Given data
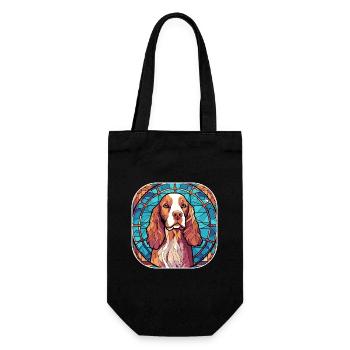 Coloré Bretagne Dog Breed Aquarelle Peinture sur verre - Sac à bouteille - noir - Devant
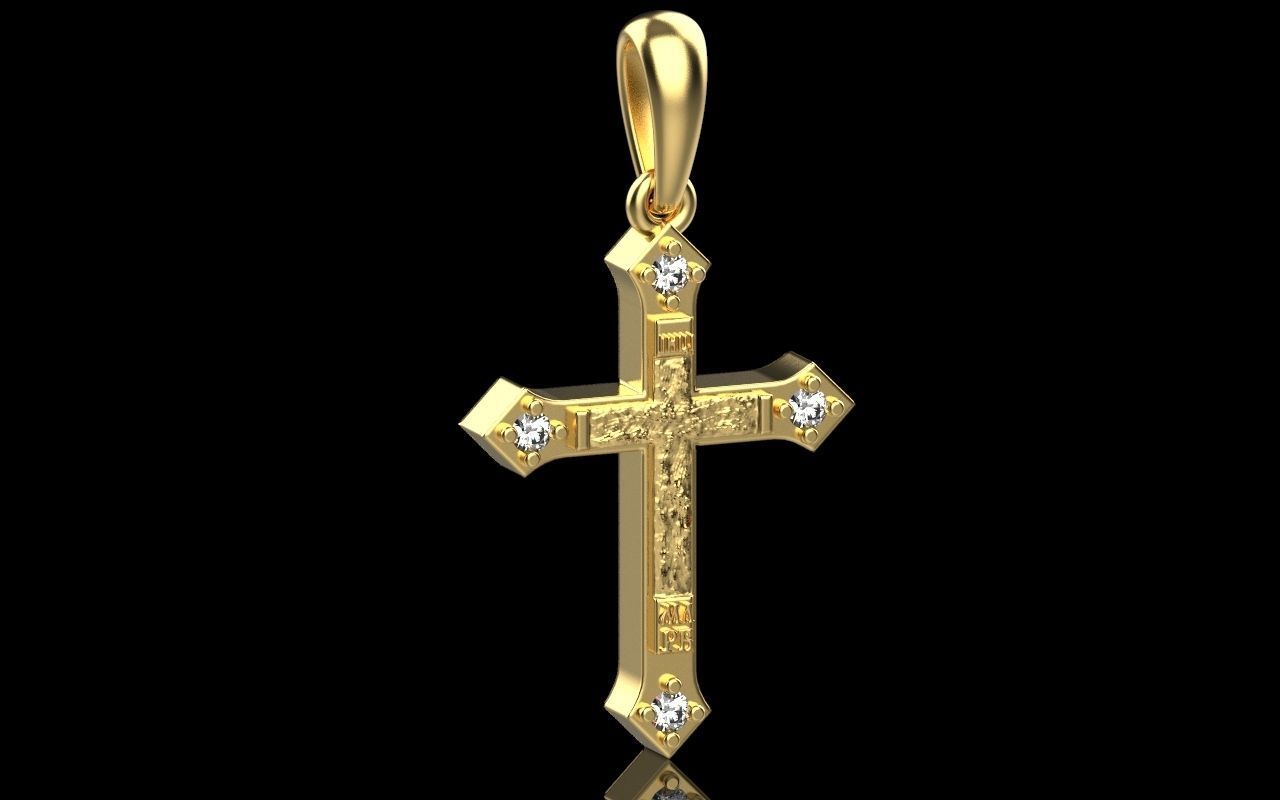 14K Solid Yellow Gold Orthodox Diamond Cross Necklace / Crucifix Orthodox Cross Pendant / Unisex Religious Necklace 25mm X 14mm/Gift for Her - JewelsnGlitters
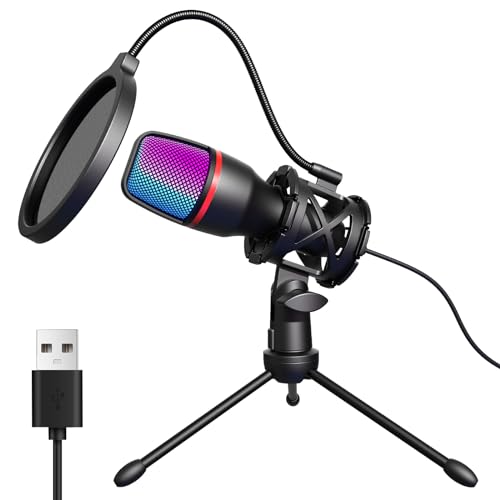 Hoppac Microphone USB à Condensateur, Micro PC Gaming avec Trépied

Problem description
When you copy the data above, reproduce each line exactly and skip every image.

Response for this exercise
 Coloré Bretagne Dog Breed Aquarelle Peinture sur verre - Sac à bouteille - noir - Devant
 14K Solid Yellow Gold Orthodox Diamond Cross Necklace / Crucifix Orthodox Cross Pendant / Unisex Religious Necklace 25mm X 14mm/Gift for Her - JewelsnGlitters
 Hoppac Microphone USB à Condensateur, Micro PC Gaming avec Trépied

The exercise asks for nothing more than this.